New Zealand's West Coast Glacier Country is one of only two places in the world where you can view glaciers descending into temperate rainforest.
Snow rarely falls in Franz Josef and Fox Glacier townships but there's plenty of snow in the high mountains nearby, just what a glacier needs to produce ice.
While you can’t walk all the way up to the glacier face, there are guides available to take you safely up and onto the glaciers via helicopter for a heli hike.
There are a couple of options to view or experience the glaciers.
If you are walking in the lower glacier valley, please respect the signposted barriers and do not go beyond them.
The glaciers are a very dynamic area and rocks and ice are constantly falling off the terminal faces.
The land where the glaciers are located is sandwiched between the Tasman Sea and the highest mountains in New Zealand.
Warm, moist air travelling from Australia drops snow in the higher elevations of the Southern Alps, piling it up to form large neves or snowfields.
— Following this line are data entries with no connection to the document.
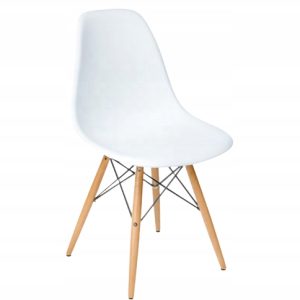 Krzesło DSW skandynawskie nowoczesne białe, wysokość 83 cm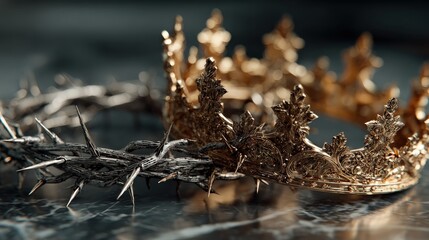 A contrast of regality: golden crown next to crown of thorns. symbolising power and sacrifice. ..Created with Generative AI, not depicting real subjects.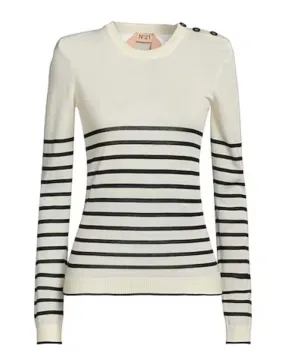 Stripes Casual Wool U-Neck Long Sleeve Party N21 numero ventuno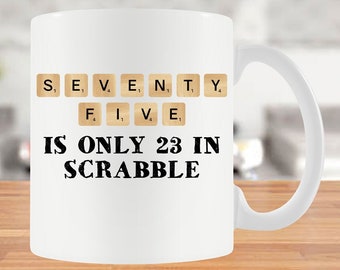 75th Birthday Gift For Grandma Game Night Gift Bday Mug For Grandpa 75 Year Old Present Large Coffee Cup Seventy Five B Day - BG719A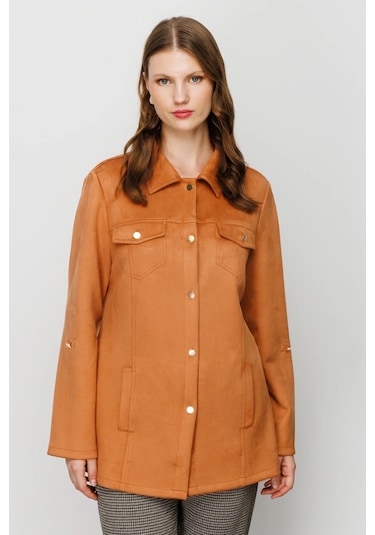 Ekol Büyük Beden Camel Kadın Trençkot 23207705 001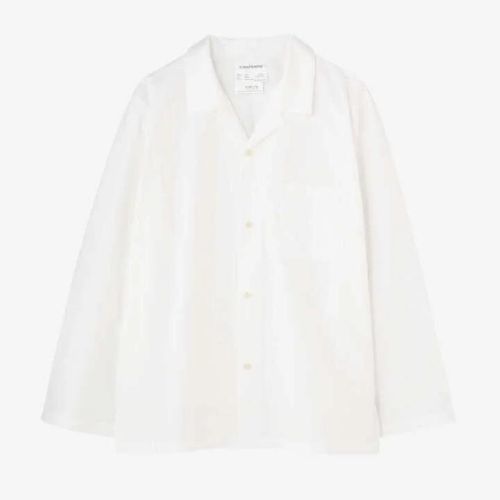 新品 YAECA CONTEMPO PAJAMA SHIRT L/S シルク オープンカラー シャツ ジャケット 52901 ヤエカ S オフホワイト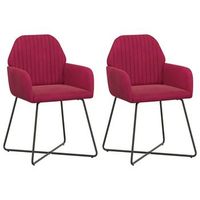 sillas de comedor 2 uds terciopelo rojo vino 55 x 50 x 84 cm vidaxl
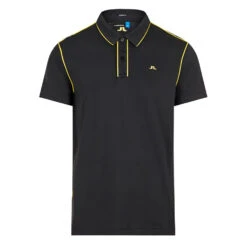 J.Lindeberg J. Lindeberg Tomi Regular Fit Lux Piquet Mens Golf Polo -Golf Sales Store 11852 9999BLACK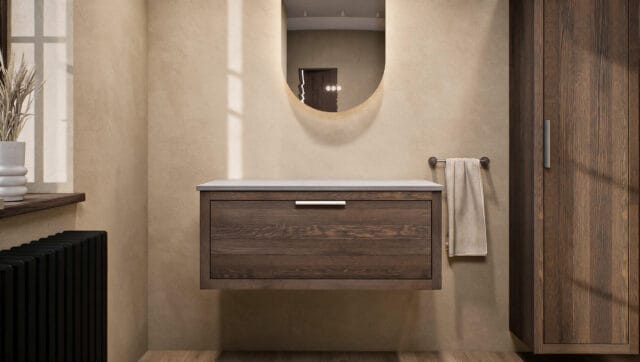 Modern naturel eiken badkamermeubel 100 cm met enkele lade, vlak front en grijs limestone blad met witte waskom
Gravity then squeezes it down the valley (a bit like toothpaste) and the fluffy snowflakes become compressed into hard blue ice.
The valleys are so steep and narrow that the tongues of ice have pushed far down into rainforest, and not much above sea level.
The forces generated by the moving tongue of ice grind away at everything in its path to reach the terminal face at the front of the glacier.
A glacier likes to find equilibrium, where the amount of ice produced in the neve is equal to the amount of ice lost to melting in its tongue. This results in the dramatic advances and retreats of the terminal face of the two glaciers.
The Māori name for the Franz Josef Glacier is Ka Roimata o Hinehukatere which refers to 'the tears of Hinehukatere‘.
The legend of the Makawhio people (a sub tribe of the Ngai Tahu) says that Hinehukatere was a fearless young woman who loved climbing in the mountains.
She persuaded her lover Wawe to climb with her, even though he was less experienced. Disaster struck when an avalanche swept Wawe from the peaks to his death.
The Fox Glacier was his final resting place, or moeka. Hinehukatere was broken hearted and her many tears flowed down the mountain.
The gods froze these tears in a river of ice and the Franz Josef glacier was formed as a reminder of her grief.
The choice of the glacier's European name is a less romantic. In 1865, Austrian explorer Julius Von Haast named the Franz Josef Glacier after the Emperor of Austria, Franz Josef I. The local village eventually took its name from the glacier.
Haast named the Fox Glacier in honour of the New Zealand Premier, Sir William Fox.